### Task to carry out
The stretch from the line with "Kuns | Bild 2" through the line with "Chrome Touch-Control Single-Handle" in the records below: write it out exactly, and nothing else.

-----

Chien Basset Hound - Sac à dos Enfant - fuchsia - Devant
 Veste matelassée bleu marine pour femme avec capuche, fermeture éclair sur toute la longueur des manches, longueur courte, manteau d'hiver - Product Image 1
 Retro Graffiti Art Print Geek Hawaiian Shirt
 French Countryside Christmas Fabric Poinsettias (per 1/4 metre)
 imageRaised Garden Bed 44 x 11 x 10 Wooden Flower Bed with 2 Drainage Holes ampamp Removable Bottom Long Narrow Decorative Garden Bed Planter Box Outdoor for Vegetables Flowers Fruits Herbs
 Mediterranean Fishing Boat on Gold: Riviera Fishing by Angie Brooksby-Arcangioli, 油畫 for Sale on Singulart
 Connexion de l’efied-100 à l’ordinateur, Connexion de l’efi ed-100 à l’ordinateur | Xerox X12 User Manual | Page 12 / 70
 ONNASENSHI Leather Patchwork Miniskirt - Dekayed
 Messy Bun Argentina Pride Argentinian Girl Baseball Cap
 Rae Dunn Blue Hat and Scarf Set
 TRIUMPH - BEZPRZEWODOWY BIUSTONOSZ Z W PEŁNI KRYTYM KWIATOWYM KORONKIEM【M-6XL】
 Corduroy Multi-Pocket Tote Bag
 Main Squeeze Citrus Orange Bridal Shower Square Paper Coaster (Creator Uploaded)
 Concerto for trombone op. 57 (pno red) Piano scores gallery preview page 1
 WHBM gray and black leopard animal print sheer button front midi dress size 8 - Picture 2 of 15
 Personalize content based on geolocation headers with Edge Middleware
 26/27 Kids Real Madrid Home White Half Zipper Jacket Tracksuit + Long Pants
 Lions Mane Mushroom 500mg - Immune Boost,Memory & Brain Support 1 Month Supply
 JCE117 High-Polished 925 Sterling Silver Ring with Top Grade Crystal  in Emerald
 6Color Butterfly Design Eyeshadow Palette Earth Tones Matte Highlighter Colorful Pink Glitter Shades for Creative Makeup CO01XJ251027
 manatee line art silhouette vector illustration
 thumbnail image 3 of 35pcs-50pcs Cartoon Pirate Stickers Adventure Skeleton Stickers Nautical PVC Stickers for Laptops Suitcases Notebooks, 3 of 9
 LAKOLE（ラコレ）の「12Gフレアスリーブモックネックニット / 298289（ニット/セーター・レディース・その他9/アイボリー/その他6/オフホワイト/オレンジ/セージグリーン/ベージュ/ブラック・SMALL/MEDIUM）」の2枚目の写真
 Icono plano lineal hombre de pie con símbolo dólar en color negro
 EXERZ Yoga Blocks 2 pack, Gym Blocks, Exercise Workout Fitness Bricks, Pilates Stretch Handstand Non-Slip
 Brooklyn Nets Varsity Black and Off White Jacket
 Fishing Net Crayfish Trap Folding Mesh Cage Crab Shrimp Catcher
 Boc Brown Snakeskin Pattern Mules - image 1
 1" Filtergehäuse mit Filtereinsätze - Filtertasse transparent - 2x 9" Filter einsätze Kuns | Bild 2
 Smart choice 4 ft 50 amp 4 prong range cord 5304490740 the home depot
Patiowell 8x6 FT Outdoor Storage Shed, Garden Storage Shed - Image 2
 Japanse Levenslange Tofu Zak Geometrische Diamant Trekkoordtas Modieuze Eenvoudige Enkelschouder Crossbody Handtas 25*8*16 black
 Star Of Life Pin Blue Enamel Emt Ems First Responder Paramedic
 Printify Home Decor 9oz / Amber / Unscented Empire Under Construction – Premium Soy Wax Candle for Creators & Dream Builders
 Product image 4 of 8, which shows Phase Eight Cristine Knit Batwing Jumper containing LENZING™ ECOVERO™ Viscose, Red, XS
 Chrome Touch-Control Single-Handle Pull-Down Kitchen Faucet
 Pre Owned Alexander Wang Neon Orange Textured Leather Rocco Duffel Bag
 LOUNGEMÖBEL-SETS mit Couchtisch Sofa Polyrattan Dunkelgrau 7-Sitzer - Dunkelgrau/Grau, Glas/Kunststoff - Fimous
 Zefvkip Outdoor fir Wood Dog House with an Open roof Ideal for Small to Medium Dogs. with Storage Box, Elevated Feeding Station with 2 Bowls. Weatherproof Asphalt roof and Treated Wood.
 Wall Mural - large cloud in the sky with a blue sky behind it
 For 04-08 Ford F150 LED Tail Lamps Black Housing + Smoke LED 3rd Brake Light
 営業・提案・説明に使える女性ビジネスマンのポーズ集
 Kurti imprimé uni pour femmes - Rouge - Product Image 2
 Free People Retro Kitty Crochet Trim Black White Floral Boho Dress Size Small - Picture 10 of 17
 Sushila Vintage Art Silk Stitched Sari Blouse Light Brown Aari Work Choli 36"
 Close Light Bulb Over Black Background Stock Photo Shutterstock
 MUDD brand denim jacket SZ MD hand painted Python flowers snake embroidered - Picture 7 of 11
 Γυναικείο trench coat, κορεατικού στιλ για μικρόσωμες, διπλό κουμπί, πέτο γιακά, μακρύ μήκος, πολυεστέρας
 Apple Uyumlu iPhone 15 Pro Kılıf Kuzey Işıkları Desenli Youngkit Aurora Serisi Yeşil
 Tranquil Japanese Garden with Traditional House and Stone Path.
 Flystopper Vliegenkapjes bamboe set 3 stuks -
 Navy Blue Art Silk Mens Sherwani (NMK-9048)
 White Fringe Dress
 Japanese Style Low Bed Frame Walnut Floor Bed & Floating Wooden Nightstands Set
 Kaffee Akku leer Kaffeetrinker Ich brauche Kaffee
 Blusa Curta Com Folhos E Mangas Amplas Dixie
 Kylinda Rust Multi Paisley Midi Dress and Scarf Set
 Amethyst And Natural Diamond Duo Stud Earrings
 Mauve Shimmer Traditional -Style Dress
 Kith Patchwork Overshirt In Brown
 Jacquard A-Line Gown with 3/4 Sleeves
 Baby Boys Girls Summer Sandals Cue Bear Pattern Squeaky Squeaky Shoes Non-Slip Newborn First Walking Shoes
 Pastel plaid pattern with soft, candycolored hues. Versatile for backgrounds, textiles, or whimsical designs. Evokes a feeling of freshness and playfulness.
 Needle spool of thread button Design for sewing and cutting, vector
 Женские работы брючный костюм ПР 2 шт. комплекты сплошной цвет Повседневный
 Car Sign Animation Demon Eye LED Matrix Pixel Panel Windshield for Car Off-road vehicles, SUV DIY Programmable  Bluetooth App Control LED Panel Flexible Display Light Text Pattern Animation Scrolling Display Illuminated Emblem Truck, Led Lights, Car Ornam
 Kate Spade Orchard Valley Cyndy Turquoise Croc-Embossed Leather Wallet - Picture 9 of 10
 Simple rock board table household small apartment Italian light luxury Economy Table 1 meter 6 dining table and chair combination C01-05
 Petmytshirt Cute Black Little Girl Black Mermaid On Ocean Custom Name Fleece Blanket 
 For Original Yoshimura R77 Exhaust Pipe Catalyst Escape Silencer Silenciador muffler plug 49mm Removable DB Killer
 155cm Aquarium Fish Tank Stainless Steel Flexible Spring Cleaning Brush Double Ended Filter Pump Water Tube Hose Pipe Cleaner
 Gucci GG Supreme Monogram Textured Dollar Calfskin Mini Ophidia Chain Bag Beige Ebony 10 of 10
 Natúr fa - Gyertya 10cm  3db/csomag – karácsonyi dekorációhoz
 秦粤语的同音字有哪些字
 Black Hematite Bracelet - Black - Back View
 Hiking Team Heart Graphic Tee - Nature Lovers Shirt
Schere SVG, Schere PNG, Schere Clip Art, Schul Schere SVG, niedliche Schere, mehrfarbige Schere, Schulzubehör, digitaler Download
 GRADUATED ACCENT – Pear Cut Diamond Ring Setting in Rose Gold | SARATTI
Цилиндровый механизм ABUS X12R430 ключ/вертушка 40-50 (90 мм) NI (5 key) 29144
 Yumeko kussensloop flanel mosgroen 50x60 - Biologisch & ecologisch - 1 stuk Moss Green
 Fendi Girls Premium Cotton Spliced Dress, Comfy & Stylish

-----

### Result
 1" Filtergehäuse mit Filtereinsätze - Filtertasse transparent - 2x 9" Filter einsätze Kuns | Bild 2
 Smart choice 4 ft 50 amp 4 prong range cord 5304490740 the home depot
Patiowell 8x6 FT Outdoor Storage Shed, Garden Storage Shed - Image 2
 Japanse Levenslange Tofu Zak Geometrische Diamant Trekkoordtas Modieuze Eenvoudige Enkelschouder Crossbody Handtas 25*8*16 black
 Star Of Life Pin Blue Enamel Emt Ems First Responder Paramedic
 Printify Home Decor 9oz / Amber / Unscented Empire Under Construction – Premium Soy Wax Candle for Creators & Dream Builders
 Product image 4 of 8, which shows Phase Eight Cristine Knit Batwing Jumper containing LENZING™ ECOVERO™ Viscose, Red, XS
 Chrome Touch-Control Single-Handle Pull-Down Kitchen Faucet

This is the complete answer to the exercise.